"The truth will set you free. But first it will piss you off."

Gloria Steinem

Sunday, August 25, 2013

Putting a Myth in its Place

We have not yet determined when "the good old days” actually were, but by the end of this post I believe there will be no argument that any answer to the closely-related question “when did things begin to go wrong?” must be found long before 1975.  Both the specific “things” and the specific dates will vary location by location, but they were everywhere by the 1970s.  The numbers from the federal Census offer the most fundamental evidence that this was so. 
Each of the eight towns along the Schuylkill River between Philadelphia and Reading demonstrated constant population growth between the arrival of the railroad in their town in the 19th century and the middle of the 20th century.  This means that labor was in demand in the new factories or the expanding old ones, attracting new residents.  This labor had to walk to work, so the densely populated, urban-structured boroughs steadily sprouted new buildings.  These were truly “The Good Old Days,” a period of growth, prosperity and community.  Favorable locations at the intersection of railroads and local roads lay at the base of this prosperity, because this attracted the industries.  The larger boroughs augmented their industrial prosperity by developing a commercial sector that serviced both the local inhabitants and those in a trading area around it, utilizing both local roads and “light rail” (trolleys).

Then things began to change.  If a net rise in population indicates prosperity, then a net decline suggests the opposite.  West Conshohocken’s population peaked with the 1930 Census.  Conshohocken’s population peaked in 1950, that of Pottstown and Norristown in 1960, and that of both Bridgeport and Spring City in 1970.  Their populations began to decline in the years afterward.  The period between the 1970 and 1980 Censuses saw this decline become close to universal.  Even Phoenixville, which has demonstrated an overall population rise through the 2010 Census, lost population between 1970 and 1980.  In fact, of the eight towns in the Schuylkill valley between Philadelphia and Reading, seven lost population between 1970 and 1980.  Royersford, the exception, recorded a net gain of eight people.  Let's also not forget that during this decade Conshohocken and Royersford gutted their downtowns via Urban Renewal, with Pottstown not far behind.  In Norristown, various forms of private enterprise accomplished essentially the same result.  The disturbing trend of declining population was not confined to the Schuylkill valley by any means.  Lansdale, the area’s third largest borough, also steadily lost population after 1970.
Even an introductory assessment of these basic numbers demonstrates that the years 1950 to 1980 were rough for Southeastern Pennsylvania’s older towns, not just those along the river.  I would also submit to you that this period was equally as hard—and in some cases harder—on older communities across Pennsylvania and the rest of the nation as well.  We will not follow that trail because of our local focus, but the evidence is overwhelming.  Major economic and social forces swept over the United States during this period, permanently altering what many Americans had begun to assume was a natural and continuing condition of prosperity “the American way.”
The Census offers only the most basic guide to what was happening.  It population designation is a net number; it does not reveal how many left, or how many arrived, only the numerical difference between them.  It also does not indicate what kind of people left, why they left, what kind of people arrived, or why they arrived.  Once past the numbers themselves, this is the real story.  It is also a very misunderstood story.  I will deal with this story, about the economic and the social forces that had become pervasive by 1970 (at least in their local context), in future posts.

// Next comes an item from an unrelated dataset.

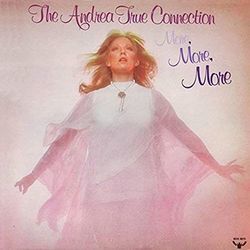 More More More Chords by Andrea True Connection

Even the basic numbers demonstrate that things had begun to “go wrong” long before 1975.  That year is actually late on our timeline, because it more correctly marks the time by when several local government were taking truly radical actions that had nothing to do with subsidized housing (agreeing to raze the core of one’s downtown counts as “radical”).  If there is one thing we can ALL agree on, it’s that by the time local government takes anything resembling radical action, the problem is already well established and everyone knows about it.
The post-1975 Federal program known as “Section 8,” which has survived as “subsidized housing,” was designed as a response to the combined economic and social forces that had been sweeping the United States since shortly after the Second World War.  It deserves a place in any discussion of the problems afflicting America’s urban areas after 1975, but not the fundamental one that so many ascribe to it, because so much had gone wrong before 1975.  The “good old days” were long gone by the time Section 8 appeared on the scene.

To Summarize:
--Subsidized housing is a SYMPTOM of a town’s decline; its arrival was a sign that decline was already well under way. 
--Subsidized housing may itself contribute to further decline; the question is how much.


P.S.  This is not the last you will hear from me about subsidized housing.  I promise.  It’s part of the story, but a part that needs to be understood in its proper context.  So let’s lay the myth of SUBSIDIZED HOUSING to rest.  We will return later to the subject of subsidized housing, assessing its rightful place in local history.